Genomic repeat sequence content and divergence landscapes in six Esociformes species. (A) Genome size measurements by Feulgen densitometry compared to genome assembly size (supplementary table S5, Supplementary Material online). (B) Genome assembly size compared to repetitive sequence content. (C) Total repetitive sequence content (left) and repeat copy divergence landscapes (right) as fraction of the total genome assembly for each of the six species, distinguishing the main repetitive sequence classes.
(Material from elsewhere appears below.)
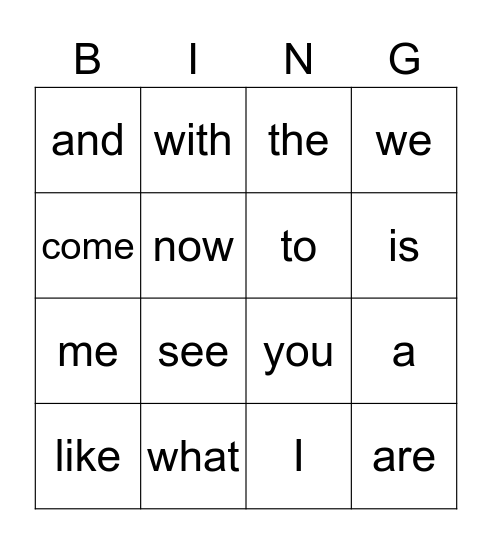 Kinder Words Bingo Card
Similar to the repeat composition, repeat expansion histories also show significant differences between the considered species (fig. 3C). Here, the repeat expansion history is captured by the Kimura substitution level for each genomic copy of a repeat as a proxy for its age, since each copy accumulates mutations over time and diverges from its consensus sequence. The resulting divergence landscape suggests that the genome size increase of U. pygmaea results from an accumulation of unclassified repetitive sequence combined with the emergence of new DNA transposon copies, with 45% of the genomic repeat sequence showing a mean divergence below 8 (fig. 3C, top left). The most abundant repeat sequence in U. pygmaea is the Tc1/mariner element IC-Mifl (upygm-1-8) which makes up 1% (20.5 Mb) of the genome assembly with an average divergence of 8 (supplementary table S6, Supplementary Material online). The second most abundant repeat Tc1-2_Xt (upygm-1-14), with 14 Mb and 0.7% of genomic sequence, is also a member of the Tc1/mariner family and shows a very recent expansion pattern with an average divergence of 1.34. Esoxmasquinongy and E. lucius also show a notable recent expansion of DNA transposon sequences. Similar to U. pygmaea, IC-Mifl also contributes 1.3%/11.7 Mb to the total genome assembly of E. lucius, making it the third most abundant repeat only surpassed by Mariner-9 originally identified in S.salar and an RTE-1 non-long-terminal-repeat element identified in E. lucius (supplementary table S6, Supplementary Material online). The prominence of IC-Mifl notwithstanding, the high total abundance of DNA transposon sequence in the aforementioned species is caused by a multitude of active families. While the total repeat content of D. pectoralis is low, the divergence landscape reveals a currently ongoing repeat expansion with 27% of the total repeat content at divergences below 4, which translates into 9.1% of the total genome sequence. In contrast to all other species, the expansion is caused by two LINE/RTE-BovB elements with high abundance (0.5 and 0.2%, respectively, of total genome) and low mean divergence (1.16 and 0.87) in combination with rRNA, tRNA, and unclassified sequences. This leaves N. hubbsi as the only species with a consistently low transposable element activity.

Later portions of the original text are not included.